The stars of this summer’s breakout hit The Help headed from Jackson, Mississippi to the beaches of Normandy for the French premiere of the film at the Deauville American Film Festival on Friday night. The film’s stars Viola Davis and Emma Stone took refuge from the rainy weekend to sit down with The Hollywood Reporter’s France Correspondent Rebecca Leffler and talk about the film’s reception across the Atlantic. The Help, still at the top of the U.S. box office and already far across the $100 million mark stateside, will be released in France on Oct. 26th.
The Hollywood Reporter: The film just premiered in Deauville to a thunderous round of applause and the buzz around the festival has been positive. It’s a very American subject, so what is it about the film that makes it appeal to an international crowd?
Emma Stone: It’s human. Everyone wants to talk about the race issues, feminism and the themes the movie touches on. But even more than that, it’s the story of three women who come together in an unlikely way to create positive change.
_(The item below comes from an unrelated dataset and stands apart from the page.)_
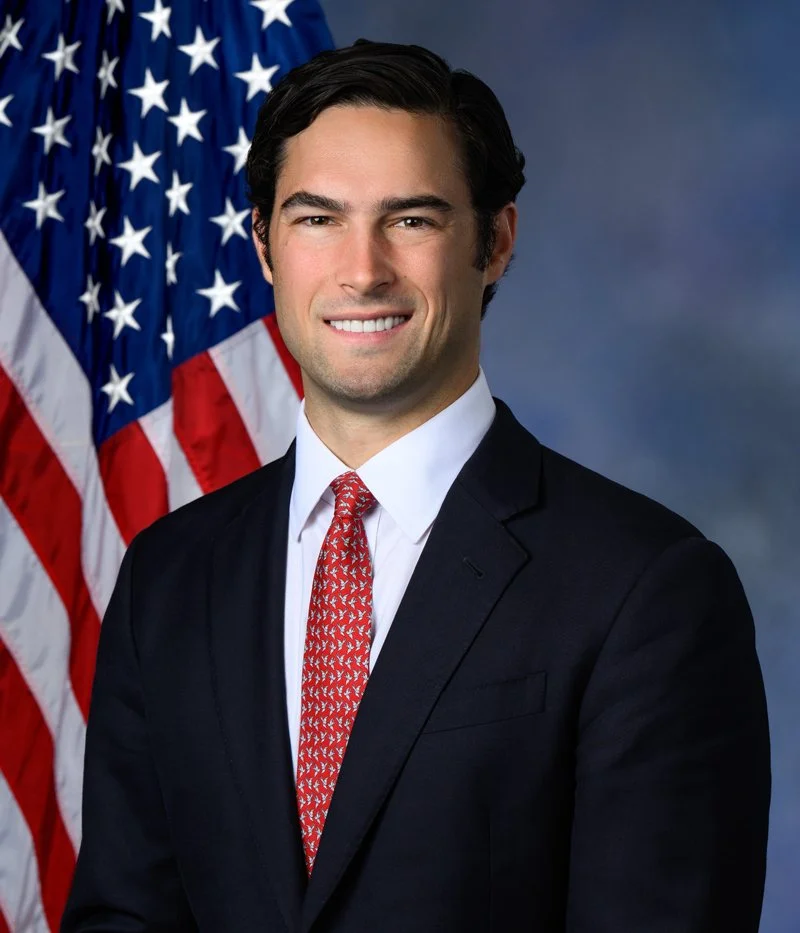 Brandon Gill -
U.S. Rep., TX-26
Everyone has the ability to be extraordinary. It’s about ordinary people brave enough to want to be extraordinary. Every human being can relate to that. My character Skeeter also deals with being different and not having the same mentality as the people around her.
THR: How did the story touch you personally?
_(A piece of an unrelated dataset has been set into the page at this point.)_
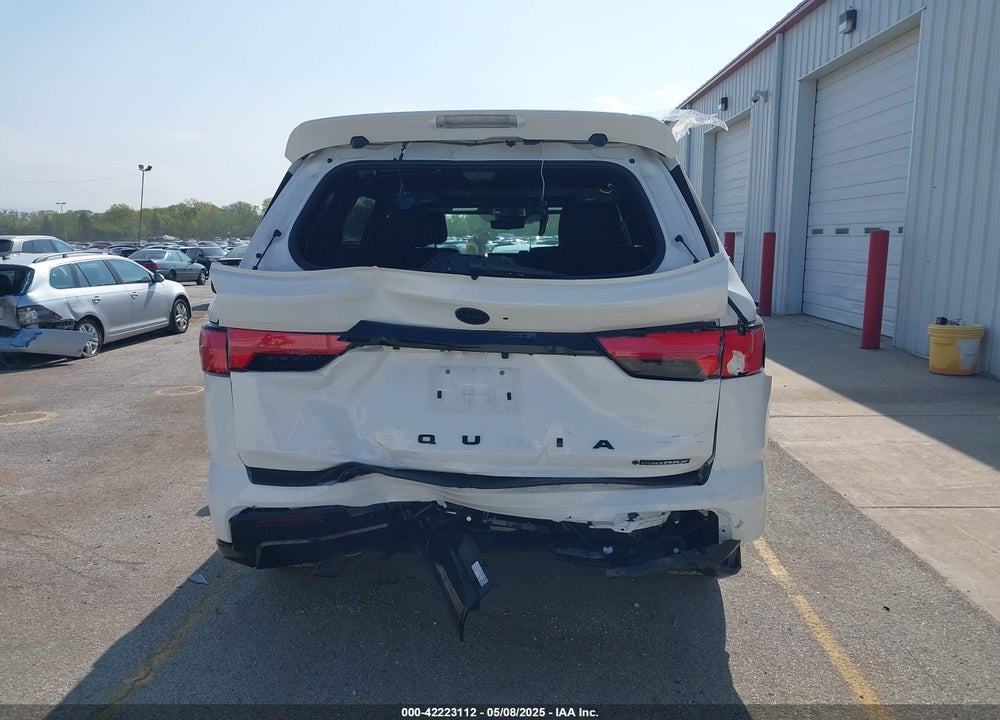 2025 TOYOTA SEQUOIA LIMITED VIN: 7SVAAABA7SX052772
Viola Davis: When I was growing up, we were the only black family in our town in Rhode Island. All of the images I saw in school were black people in the cotton fields. I remember telling my teacher when I was 15: “Black people never did anything,” He took me to the black historical society where we saw writing from black intellectuals and influential people. I remember that day so clearly. We sat for about an hour and just cried.
THR: Do you think the fact that this film is so popular shows that there’s been a shift in thinking in America?
Davis: I have a fantasy that people are intrigued by the topic and that they’re attracted to the wide range of characters. My fear is that the movie is popular because the book was popular. It is my fantasy and my hope that more movies with black people in them will become more mainstream and not just movies dealing with race.
THR: The Help has obviously affected many people, but how did this film influence you personally?
Stone: This story is the first one where what we’re discussing during the promotion is enriching my life. When I was younger, all I really wanted was to make my parents laugh. At the end of the day, I was just dancing in my living room. I still am. But now, I understand the power of storytelling now beyond just being a childhood ham.
THR: How was the response here in Deauville different from the reaction in Hollywood?
Davis: It was different from the premiere in Los Angeles. People clapped, but not with as much uninhibited joy. It was just enormous here last night.